For more safety, I disable link with undefined symbols globally in LDFLAGS, using '-Wl,--no-undefined -Wl,--no-allow-shlib-undefined'. However, some packages have missing libraries on link command line; it usually is not an issue if loaded from a frontend, for example for most perl packages which miss the perl library reference. I did a quick fix using a file in /etc/portage/env/ldflags_allow_undefined.conf: # Allow undefined symbols, mostly for plugins LDFLAGS="${LDFLAGS/-Wl,--no-undefined/}"; LDFLAGS="${LDFLAGS/-Wl,--no-allow-shlib-undefined/}"; LDFLAGS="${LDFLAGS} -Wl,--allow-shlib-undefined" Of course the proper fix would be to fix each package individually. This works, meaning I can merge package using this file.

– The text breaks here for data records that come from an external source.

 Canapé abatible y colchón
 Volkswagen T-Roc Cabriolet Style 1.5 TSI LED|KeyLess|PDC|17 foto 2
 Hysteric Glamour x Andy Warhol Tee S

However, I get spurious messages during (I guess) pretend and setup phases for each package using this file: "/etc/portage/env/ldflags_allow_undefined.conf", line 3: unexpected EOF while looking for matching `}' "/etc/portage/env/ldflags_allow_undefined.conf", line 4: unexpected EOF while looking for matching `}' Reproducible: Always Steps to Reproduce: 1. Use a per package environment file using a bash shell variable in the way: VAR="${VAR/xxx/yyy}" 2. Merge the package Actual Results: I get the described spurious messages twice for each package using this file, once during pretend phase (before I get the merging package list) and during the setup phase, when actual merge starts. Expected Results: No spurious messages... This is not critical as the merge succeeds but it's quite annoying especially during the pretend phase when there's a lot of packages to be merged.

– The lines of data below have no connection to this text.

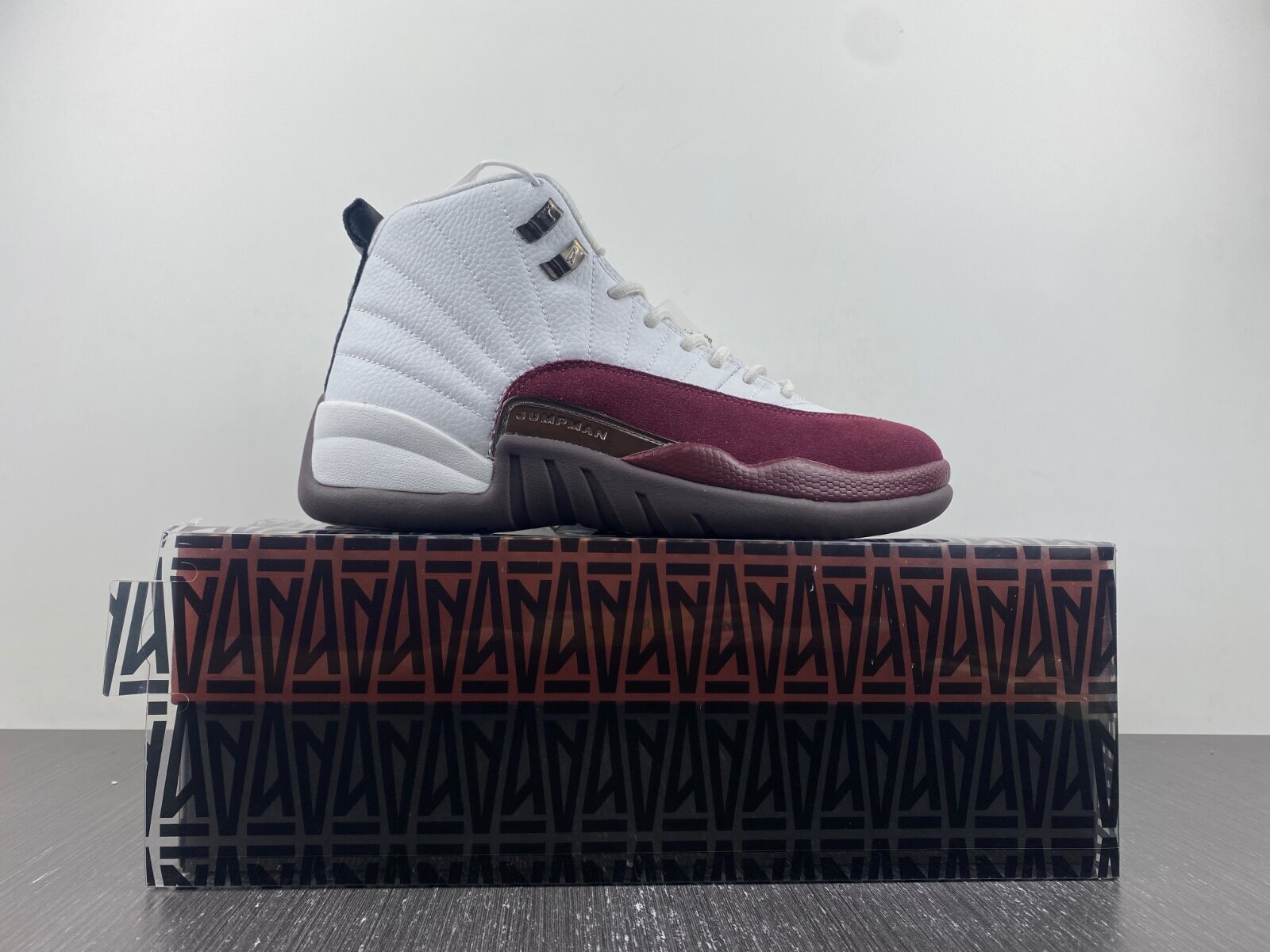 AJ12 Retro SP A Ma Maniére White - Image 4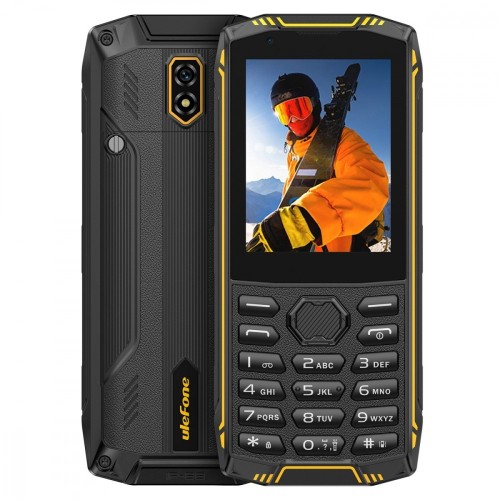 ULEFONE Telefon Armor Mini 5 LTE czarny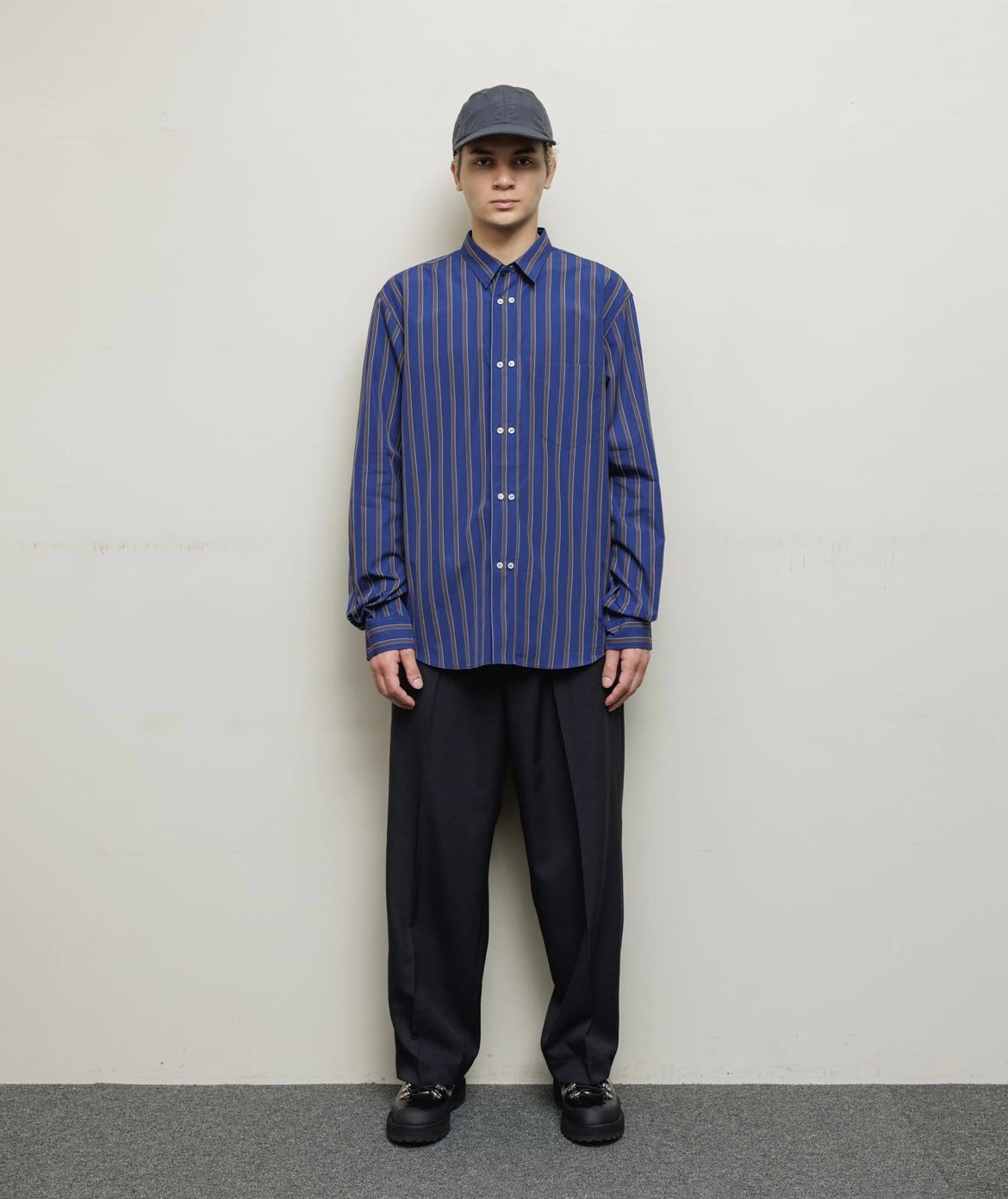 BAL/BAL/DOUBLE BUTTON SHIRT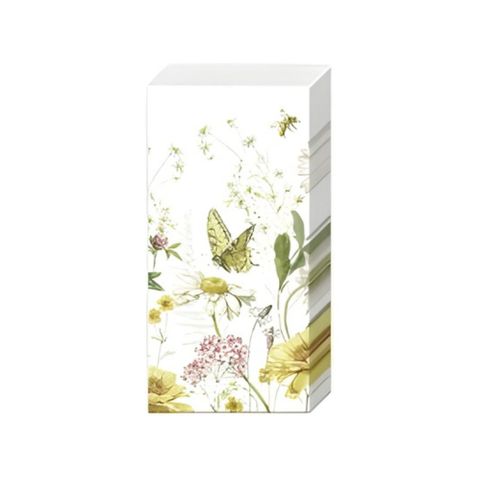 IHR Tissue Wildflower and Butterfly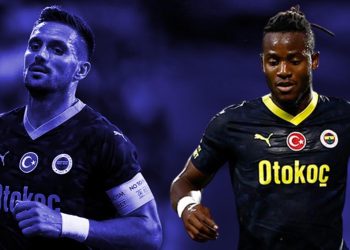 Fenerbahçe-Zimbru maçında tarihe geçti! Kadıköy’de çok konuşulmuştu, gol gösteri…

Most Portage config files are parsed by Python's shlex module, not Bash, so we can't do much about this unfortunately.
OK, I will do with it until I fix each package individually, adding the proper libraries to the link command line...
I suppose you could use /etc/portage/bashrc to apply the changes you want but the package matching would need to be done manually there.
Thanks for the suggestion, I could use a specific file for the concerned package list... But, as I said previously, what I did is a quick hack to make package build without fixing properly the actual issue(s).